Hain's shame on Zimbabwe
PETER HAIN, who won renown as a fighter against apartheid South Africa, is now defending white farmers against the majority black population in Zimbabwe. Hain, a New Labour foreign office minister, contacted the Zimbabwean government last week and protested about black people squatting on white farms. He extracted a promise that police would be sent in to remove them. But black people in Zimbabwe are quite right to want their land back. The country's 12.5 million people won independence and majority rule 20 years ago.
But most of the land is still held by a robber minority of whites. There are 70,000 whites in the country (0.6 percent of the population), yet they have 70 percent of the land. Around 4,000 white farmers own nearly a third of the country's most fertile farmland.
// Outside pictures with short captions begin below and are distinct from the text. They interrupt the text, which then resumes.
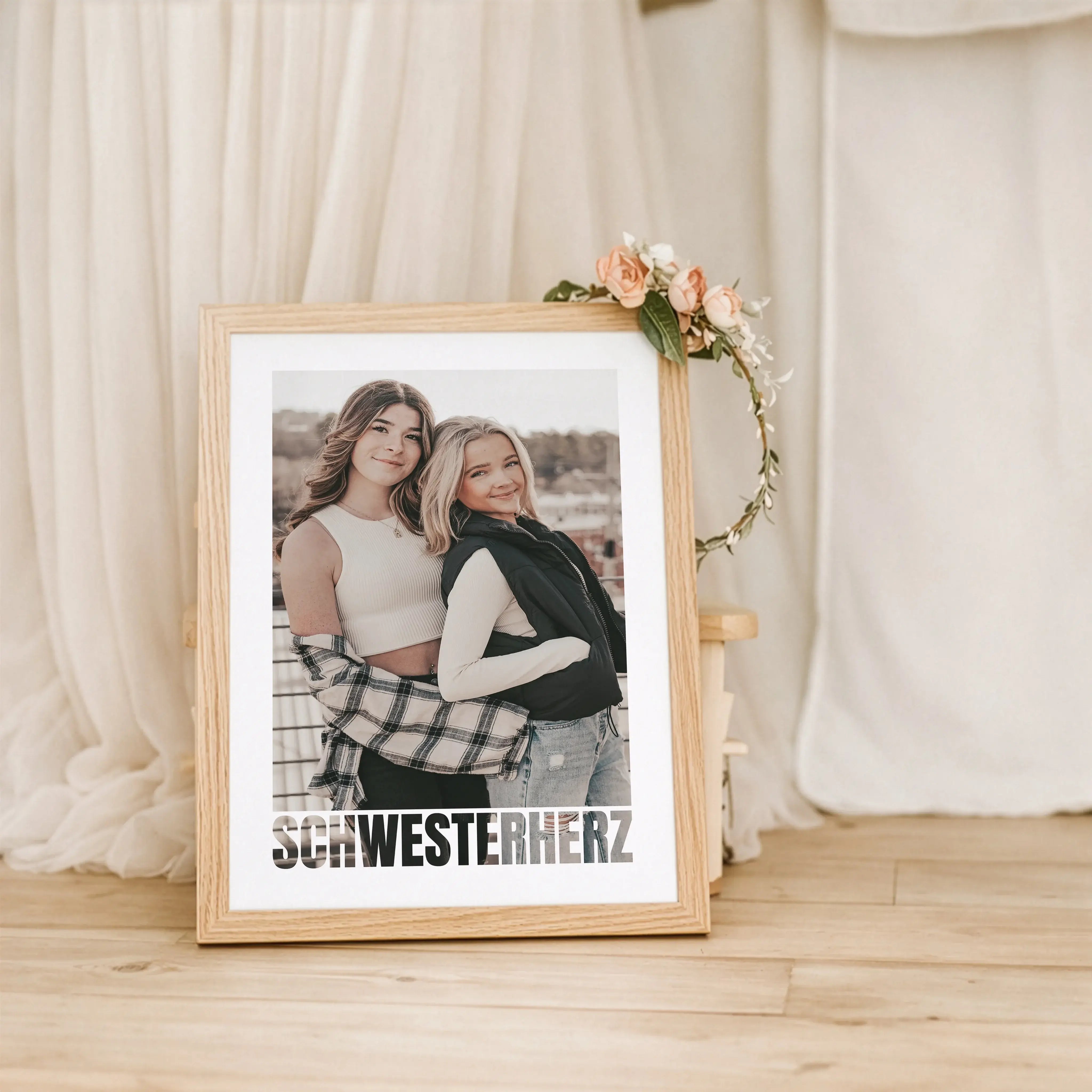 Schwesterherz Foto Poster-Personalisiertes Poster-famprints-Das Schwesterherz Foto Poster von famprints ist ein persönliches Geschenk für deine Schwester, das Erinnerungen sichtbar macht. Du gestaltest das Poster mit eurem Lieblingsfoto und schaffst damit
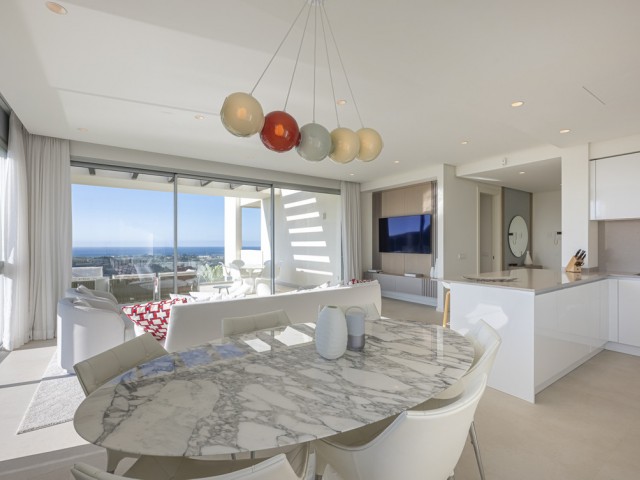 3 Bedrooms Apartment in Benahavís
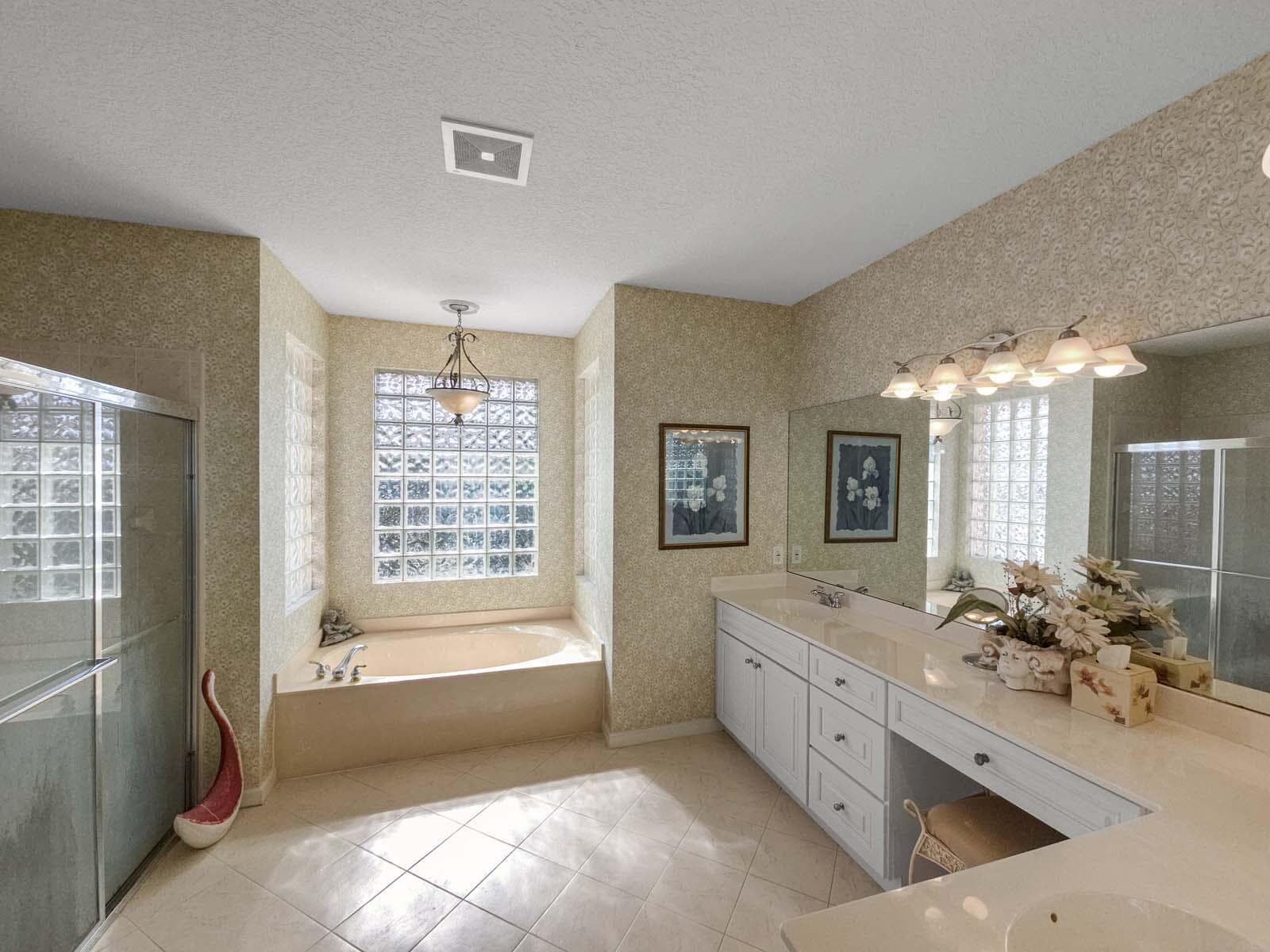5318 Landon Circle, Boynton Beach, FL 33437 — photo 16 of 75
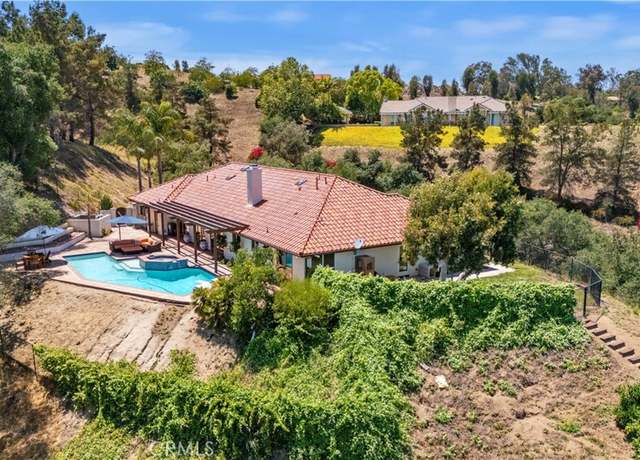 Property at 707 S Live Oak Park Rd, Fallbrook, CA 92028, 4 beds, 4 baths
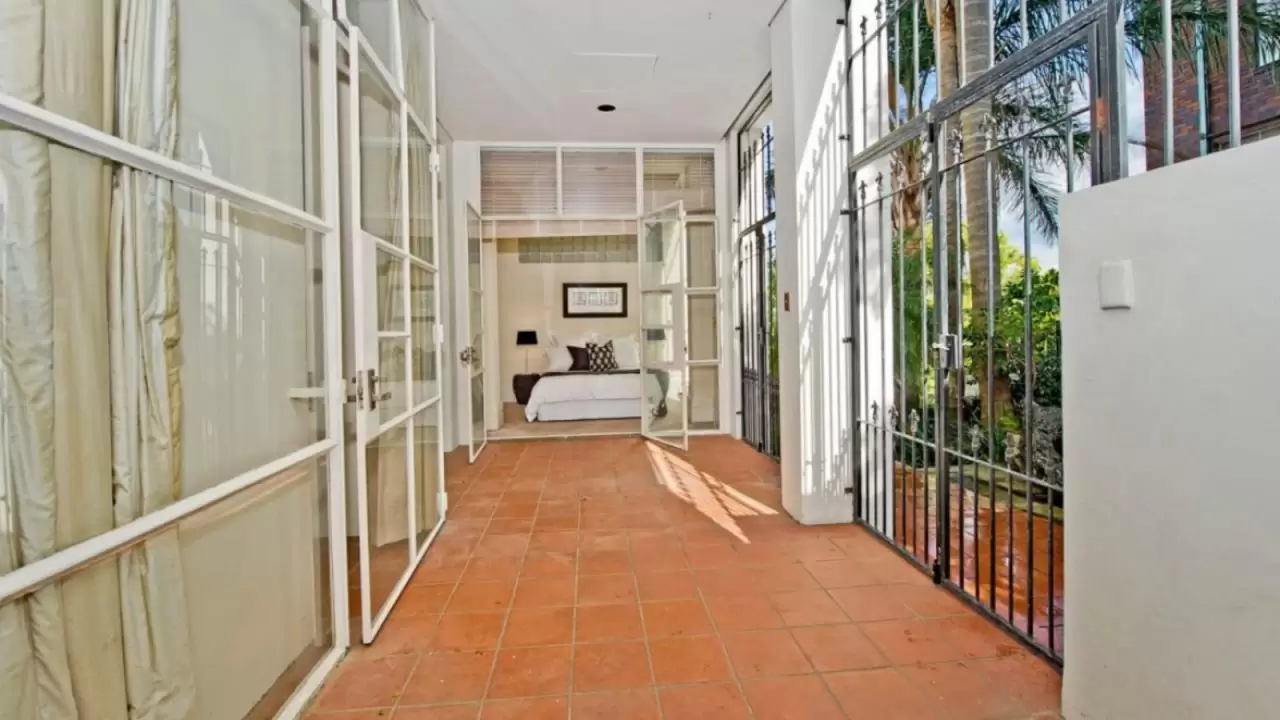 9/16-18 Wolseley Road, Point Piper Leased by Sydney Sotheby's International Realty - image 6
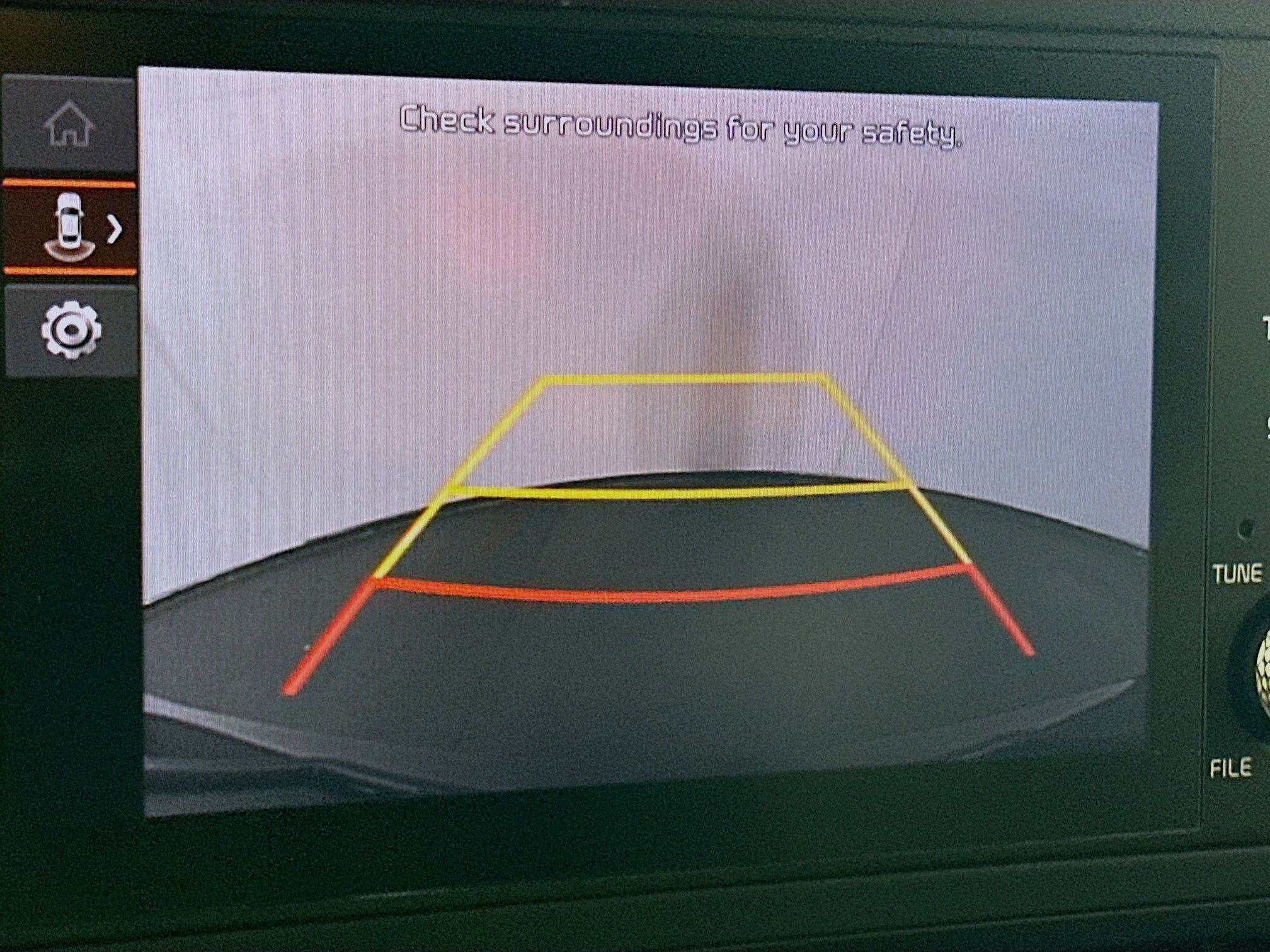 Used 2024 Kia Carnival LX image 22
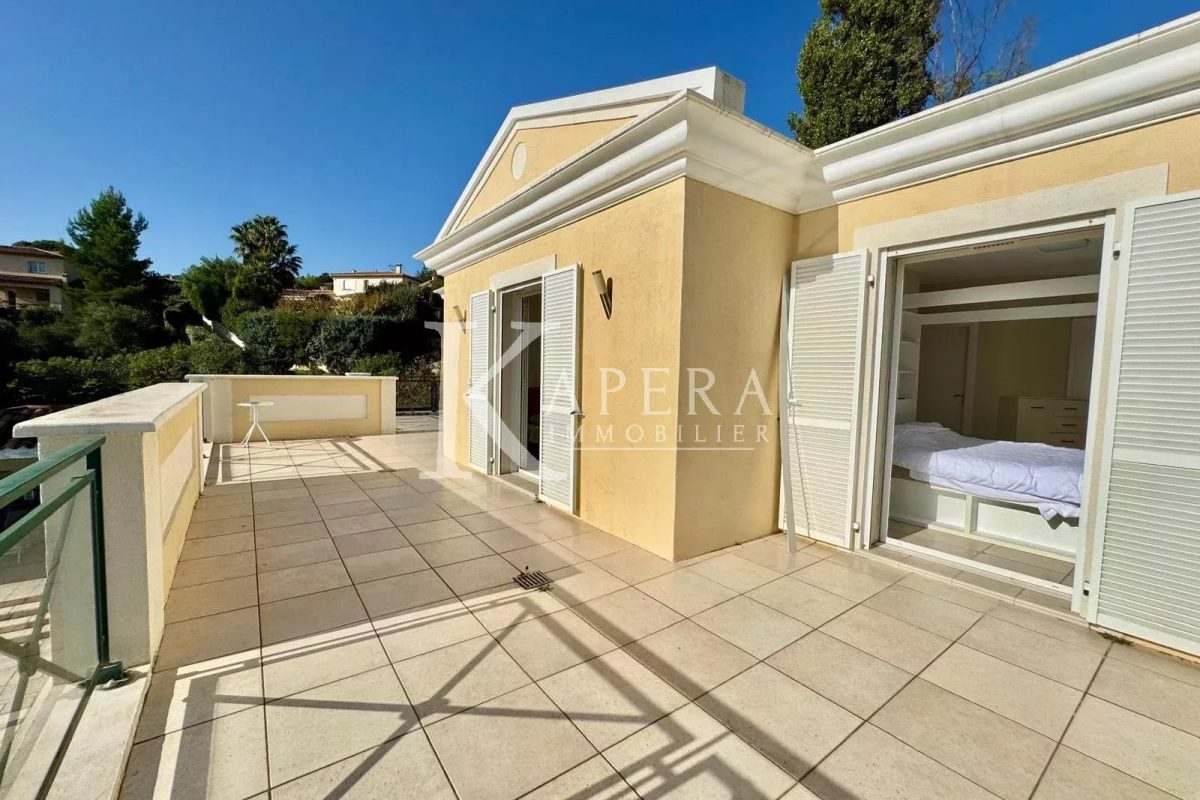VENTE VILLA D'ARCHITECTE 6P 203M² DANS DOMAINE PRIVE - FALICON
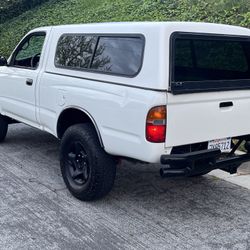 1998 Toyota 4x4  2.7 L 4cly. Like New. Just Smoged 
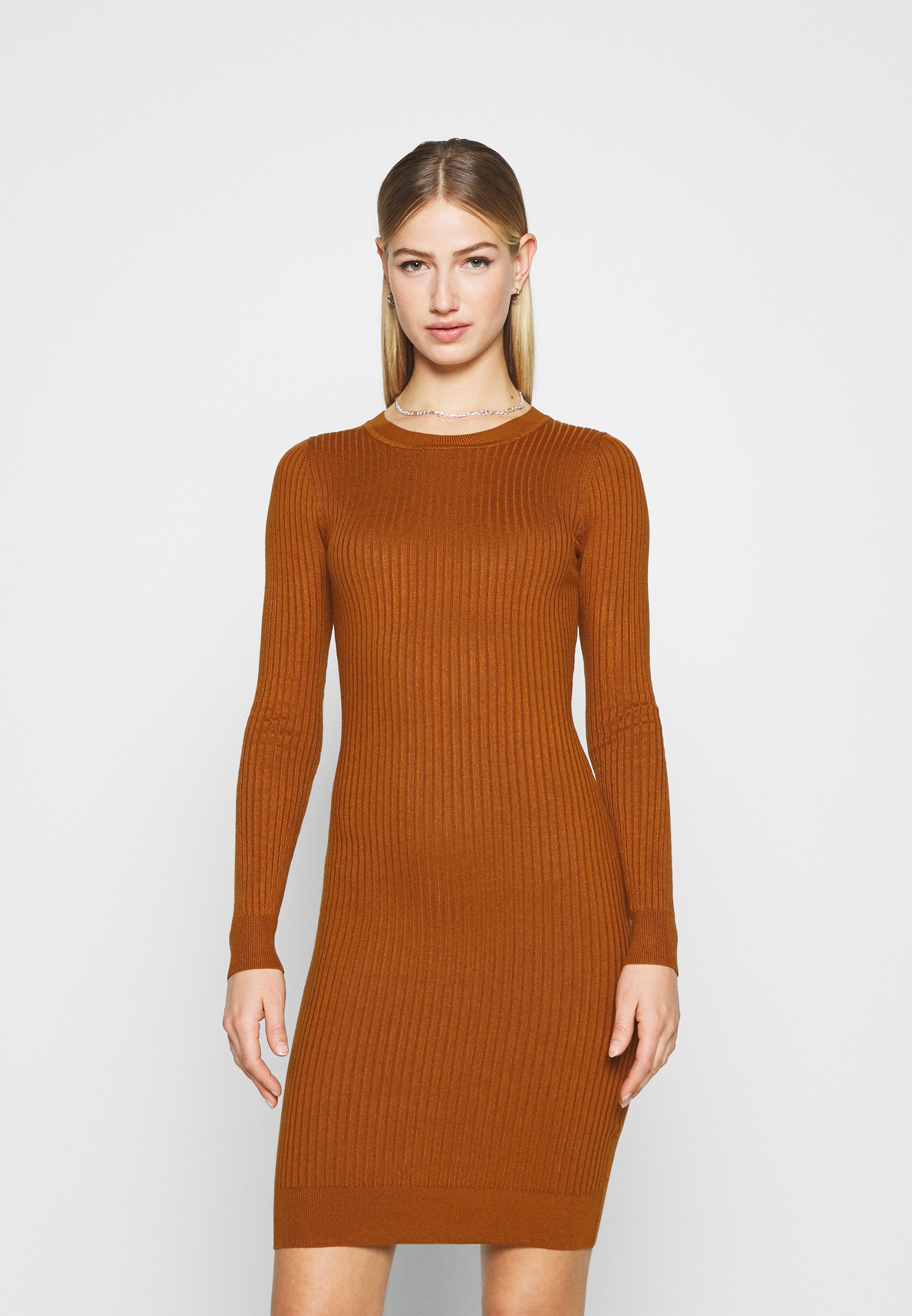 knit shift dress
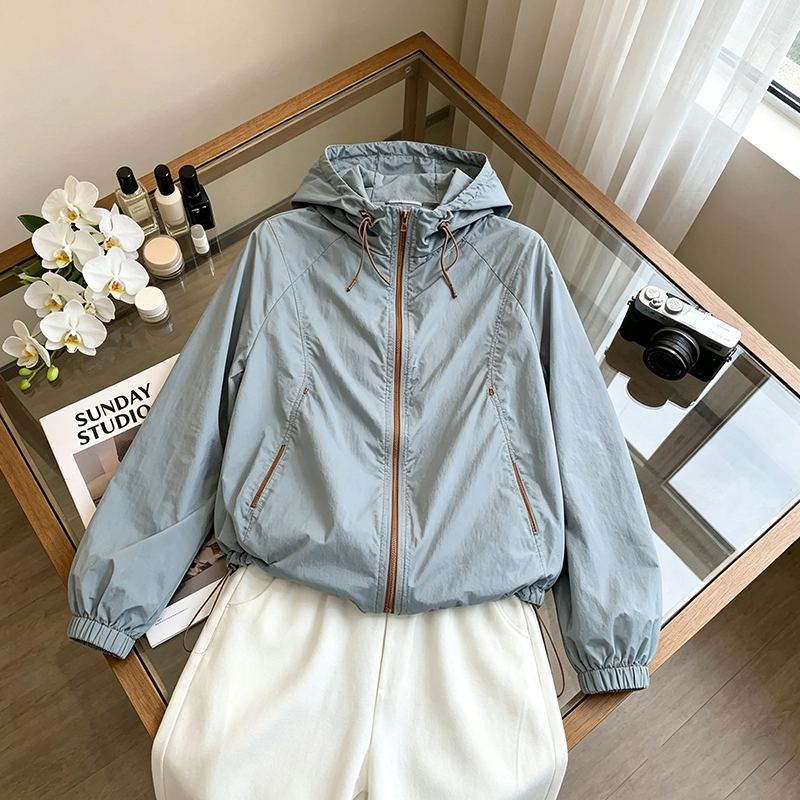 Korean Fashion Women's Summer Design Thin Breathable Cool Zipper Hooded Sun Protection Jacket Trendy Top
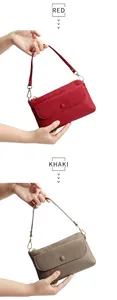 Détail de mini sacs bandoulière en cuir véritable rouge et kaki à texture grainée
Meanwhile millions of black peasants are forced to survive on tiny plots which are too small to feed themselves and their families. All the land in Zimbabwe was originally stolen from the black people who worked it. In 1890 a small army of whites led by top British imperialist Cecil Rhodes invaded the area. Through violence and trickery they grabbed the whole country from the Africans who farmed it.
They called it Rhodesia and took the best land for themselves. For almost a century blacks had no votes and a brutal white racist regime ruled. Today President Mugabe is cynically trying to use the land issue to restore his shattered image in the run up to a general election next month. Mugabe has protected the rich and the multinationals during his 20 year reign. But that should not obscure the theft of land by the whites. It is a disgrace that New Labour backs the whites and not the black peasants.